On December 8, 2017, the Yicel was sailing north along Costa Rica’s Caribbean coast when it began taking on water. Built in 1961, the 135-foot-long ship was headed for the port of Limón to pick up cargo, but a hull failure halted its progress.
Water began to enter through the cracks and when the pumps failed, the crew could not remove the water. Rather than sink at sea, the captain made the decision to cross the reef and intentionally ground the vessel, and the Yicel ran up onto Playa Grande on the edge of the sleepy fishing village of Manzanillo, 40 nautical miles south of its intended destination.
The Panamanian captain and Columbian crew members escaped with no injuries, but the village had a ticking time bomb on its beach. While the vessel was empty of cargo, according to Costa Rica’s Ministry of Environment it was still carrying 1,600 gallons of diesel fuel, plus a full tank of hydraulic oil. A leak would be devastating, not only to the fragile marine and jungle habitat but also to the community that derives its income from fishing and ecotourism.

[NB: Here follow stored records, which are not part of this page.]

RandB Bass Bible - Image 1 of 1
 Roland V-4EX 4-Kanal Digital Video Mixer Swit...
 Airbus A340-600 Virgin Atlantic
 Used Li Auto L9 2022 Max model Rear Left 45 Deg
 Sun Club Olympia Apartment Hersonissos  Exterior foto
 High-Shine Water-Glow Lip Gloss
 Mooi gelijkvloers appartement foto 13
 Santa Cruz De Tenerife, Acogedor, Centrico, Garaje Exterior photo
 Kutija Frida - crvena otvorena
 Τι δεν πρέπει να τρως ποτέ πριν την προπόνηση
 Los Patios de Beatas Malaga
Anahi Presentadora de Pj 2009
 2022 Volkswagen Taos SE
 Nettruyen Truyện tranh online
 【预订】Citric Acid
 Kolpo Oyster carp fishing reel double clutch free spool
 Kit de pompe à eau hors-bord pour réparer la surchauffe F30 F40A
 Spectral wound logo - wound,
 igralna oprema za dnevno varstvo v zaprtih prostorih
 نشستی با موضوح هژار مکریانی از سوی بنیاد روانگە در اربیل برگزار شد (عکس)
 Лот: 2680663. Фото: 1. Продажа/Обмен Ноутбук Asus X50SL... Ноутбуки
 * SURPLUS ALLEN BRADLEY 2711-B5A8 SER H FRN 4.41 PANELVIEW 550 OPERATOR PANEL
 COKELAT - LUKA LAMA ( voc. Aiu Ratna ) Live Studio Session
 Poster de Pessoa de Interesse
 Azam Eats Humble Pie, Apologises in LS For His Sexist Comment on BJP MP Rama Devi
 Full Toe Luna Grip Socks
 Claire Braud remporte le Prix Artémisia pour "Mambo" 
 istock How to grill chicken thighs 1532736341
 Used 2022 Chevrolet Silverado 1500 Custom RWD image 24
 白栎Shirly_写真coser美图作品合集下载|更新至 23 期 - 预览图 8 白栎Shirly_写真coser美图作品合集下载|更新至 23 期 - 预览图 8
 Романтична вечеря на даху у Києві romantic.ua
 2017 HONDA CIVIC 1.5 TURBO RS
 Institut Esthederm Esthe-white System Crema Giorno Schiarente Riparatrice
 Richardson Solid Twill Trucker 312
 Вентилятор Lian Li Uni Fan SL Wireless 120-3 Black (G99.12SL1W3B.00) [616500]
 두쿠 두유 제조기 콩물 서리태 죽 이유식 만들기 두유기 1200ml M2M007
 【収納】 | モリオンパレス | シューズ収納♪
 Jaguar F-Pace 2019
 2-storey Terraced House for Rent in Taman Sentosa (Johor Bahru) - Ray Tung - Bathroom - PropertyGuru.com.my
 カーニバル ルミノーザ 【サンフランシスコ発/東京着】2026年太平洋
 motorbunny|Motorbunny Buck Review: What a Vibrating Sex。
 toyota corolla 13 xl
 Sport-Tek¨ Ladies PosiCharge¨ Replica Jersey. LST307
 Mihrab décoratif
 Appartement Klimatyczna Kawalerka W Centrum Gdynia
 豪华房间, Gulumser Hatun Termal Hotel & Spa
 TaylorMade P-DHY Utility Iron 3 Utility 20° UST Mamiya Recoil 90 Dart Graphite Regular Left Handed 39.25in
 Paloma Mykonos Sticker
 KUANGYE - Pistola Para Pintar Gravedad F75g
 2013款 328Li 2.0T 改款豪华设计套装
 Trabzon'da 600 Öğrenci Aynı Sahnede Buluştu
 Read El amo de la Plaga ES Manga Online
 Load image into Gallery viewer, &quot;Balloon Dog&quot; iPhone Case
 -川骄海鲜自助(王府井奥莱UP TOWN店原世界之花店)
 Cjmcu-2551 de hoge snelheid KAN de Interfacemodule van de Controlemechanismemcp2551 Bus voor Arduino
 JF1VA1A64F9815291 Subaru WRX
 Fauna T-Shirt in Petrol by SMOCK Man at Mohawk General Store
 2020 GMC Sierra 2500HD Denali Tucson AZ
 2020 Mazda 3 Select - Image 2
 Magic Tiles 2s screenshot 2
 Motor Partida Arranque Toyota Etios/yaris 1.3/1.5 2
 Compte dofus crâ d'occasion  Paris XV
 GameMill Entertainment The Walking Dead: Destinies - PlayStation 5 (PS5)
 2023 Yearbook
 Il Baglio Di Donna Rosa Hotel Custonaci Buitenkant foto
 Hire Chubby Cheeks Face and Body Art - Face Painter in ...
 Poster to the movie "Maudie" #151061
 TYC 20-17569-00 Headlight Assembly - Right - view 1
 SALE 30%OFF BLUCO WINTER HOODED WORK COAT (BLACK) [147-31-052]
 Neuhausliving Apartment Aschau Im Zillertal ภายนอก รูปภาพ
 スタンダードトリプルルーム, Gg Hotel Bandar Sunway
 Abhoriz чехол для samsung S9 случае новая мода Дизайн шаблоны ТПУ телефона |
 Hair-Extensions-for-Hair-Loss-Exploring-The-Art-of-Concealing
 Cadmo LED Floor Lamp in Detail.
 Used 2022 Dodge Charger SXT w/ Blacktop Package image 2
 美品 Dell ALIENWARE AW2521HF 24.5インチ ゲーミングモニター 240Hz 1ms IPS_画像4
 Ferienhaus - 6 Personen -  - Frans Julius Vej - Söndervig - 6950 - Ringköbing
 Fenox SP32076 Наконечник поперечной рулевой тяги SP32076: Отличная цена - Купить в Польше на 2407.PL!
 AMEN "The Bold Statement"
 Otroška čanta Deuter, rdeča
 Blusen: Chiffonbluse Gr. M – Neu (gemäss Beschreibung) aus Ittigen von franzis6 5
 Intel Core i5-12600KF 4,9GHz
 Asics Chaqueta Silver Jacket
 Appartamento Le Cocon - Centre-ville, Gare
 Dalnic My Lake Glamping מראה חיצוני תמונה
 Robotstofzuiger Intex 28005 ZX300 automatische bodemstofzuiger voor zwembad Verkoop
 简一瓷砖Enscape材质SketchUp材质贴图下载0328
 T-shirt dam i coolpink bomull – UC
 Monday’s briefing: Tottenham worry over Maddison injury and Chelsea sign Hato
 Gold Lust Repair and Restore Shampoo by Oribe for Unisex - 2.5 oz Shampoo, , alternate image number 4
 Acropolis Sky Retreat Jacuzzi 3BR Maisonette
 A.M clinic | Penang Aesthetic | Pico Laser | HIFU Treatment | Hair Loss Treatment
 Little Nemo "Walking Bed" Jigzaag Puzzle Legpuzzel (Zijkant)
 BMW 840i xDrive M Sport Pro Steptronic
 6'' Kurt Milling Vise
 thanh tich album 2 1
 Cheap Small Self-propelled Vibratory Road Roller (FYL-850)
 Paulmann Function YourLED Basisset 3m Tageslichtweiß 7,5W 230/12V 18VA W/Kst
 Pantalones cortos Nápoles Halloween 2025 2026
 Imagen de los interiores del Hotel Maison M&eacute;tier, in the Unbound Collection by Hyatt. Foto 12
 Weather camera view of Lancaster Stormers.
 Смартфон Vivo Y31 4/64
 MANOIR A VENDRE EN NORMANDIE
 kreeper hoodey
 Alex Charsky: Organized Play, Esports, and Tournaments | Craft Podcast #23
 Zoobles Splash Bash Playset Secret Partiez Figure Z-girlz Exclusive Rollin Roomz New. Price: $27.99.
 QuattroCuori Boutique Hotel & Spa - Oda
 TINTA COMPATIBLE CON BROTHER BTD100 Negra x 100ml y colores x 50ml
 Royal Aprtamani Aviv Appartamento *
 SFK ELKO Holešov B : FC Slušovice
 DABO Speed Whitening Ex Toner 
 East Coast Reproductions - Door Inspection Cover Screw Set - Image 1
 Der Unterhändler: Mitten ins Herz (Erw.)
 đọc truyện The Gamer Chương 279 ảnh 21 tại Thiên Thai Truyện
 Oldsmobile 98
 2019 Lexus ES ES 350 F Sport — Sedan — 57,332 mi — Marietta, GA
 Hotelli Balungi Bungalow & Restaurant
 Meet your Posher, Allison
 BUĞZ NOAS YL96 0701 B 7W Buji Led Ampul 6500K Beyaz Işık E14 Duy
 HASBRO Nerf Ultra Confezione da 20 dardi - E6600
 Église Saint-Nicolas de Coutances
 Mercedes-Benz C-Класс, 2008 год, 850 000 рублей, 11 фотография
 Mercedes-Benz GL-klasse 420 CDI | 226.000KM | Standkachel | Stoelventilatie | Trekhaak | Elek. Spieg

Working with the cargo ship’s owners as well as the Maritime Ports Division, the Ministry of Environment checked the fuel lines for cracks and, finding none, used a system of pumps and bladders to offload all of the fuel. Despite the rough seas, the vessel was safely emptied 11 days after running aground.
Originally the Costa Rican government planned to pump the water out of the boat and float it so it to be towed to port, but this plan never came to fruition. Today, the ship remains on the beach. Partially buried in the sand, it’s now a canvas for art and a destination for urban explorers.
Know Before You Go
The wreck of the Yicel is accessible from the beach.